Sitting in a Manhattan bar, Talarico, the video’s director, recalled how pleased he was when Muller forwarded him YouTube comments complaining that the video looked like the work of a beginner student, and a not very good one.

Talarico’s usual clients are the likes of Julio Iglesias, Nelly Furtado, and Juanes, but when Cleiman called and asked him to recommend a director for “En Tus Tierras Bailaré,” Talarico volunteered himself.

“I have this concept of art as being when you manage to do something without your mind interfering, without being led by preconceptions and prejudices,” he said. “For me, there’s always an opinion, there’s always self-consciousness. I think these people don’t have that. So, I think they’re true artists.”

Cleiman had written the lyrics to Kerpel’s music on a boat to Uruguay, trying to mimic the imperfect rhyming and simplicity of the singers’ previous work. “I’m trying to remember a phrase of Picasso’s—It took many years for me to learn how to paint like a child,” he said.

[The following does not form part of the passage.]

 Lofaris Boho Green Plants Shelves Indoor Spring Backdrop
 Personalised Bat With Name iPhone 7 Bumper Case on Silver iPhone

All of them had labored to make themselves invisible, befitting a video that Alma Guillermoprieto, writing on the New York Review of Books blog, saw as evidence of “the chaotic transformation of a culture that has always had an infinite and joyful capacity for self-invention. This is not outsider but insider art of the deepest sort, forged in a hot-hot crucible, and it is we who stand on the outside, peering wistfully at the screen.” For the Argentines involved, cultural insiders by profession but arguably outsiders as Jews and in a country that has always held itself apart from Latin America, the wistful peering was in awe, at footage shot in Peru and Ecuador by local directors given only the loosest instructions.

“After 200 music videos and 400 commercials, it was like an undoing,” said Talarico. “A deconstruction.”

He intentionally used footage of Israel that defied logic. “If we were doing a corporate video for Israel and we had a voice-over saying, ‘Visit Jerusalem,’ then fine, we use Jerusalem. But this was not like a video of a party where you can see the brand of whiskey.” It’s not clear to him whether the video changed the way anyone thinks about Israel, but it doesn’t really matter that much to him. “With Israel, there’s something in my blood”—he has a Jewish grandparent—“but if someone had approached me to do this video for Afghanistan or Argentina, I would have done it too.”

Meanwhile, the video’s wild success has meant the artists now have mobility beyond the virtual. La Tigresa has already been brought to Buenos Aires by a party promoter, where patrons at a chic restaurant she ate in burst into “En Tus Tierras Bailaré,” where she was stopped in the street for photos and hailed as a gay icon. Kerpel wants to collaborate with Wendy Sulca. Agencies are calling Cleiman and Talarico, seeking to tap this confusing enthusiasm.

And Muller is seeking partners or donors for a worldwide tour that would span Latin America, Miami, New York, and end up in Israel. “That’s our dream and their dream,” he said. “They already know a lot about the country because we showed it to them. And they have a connection. But they want to be there physically.”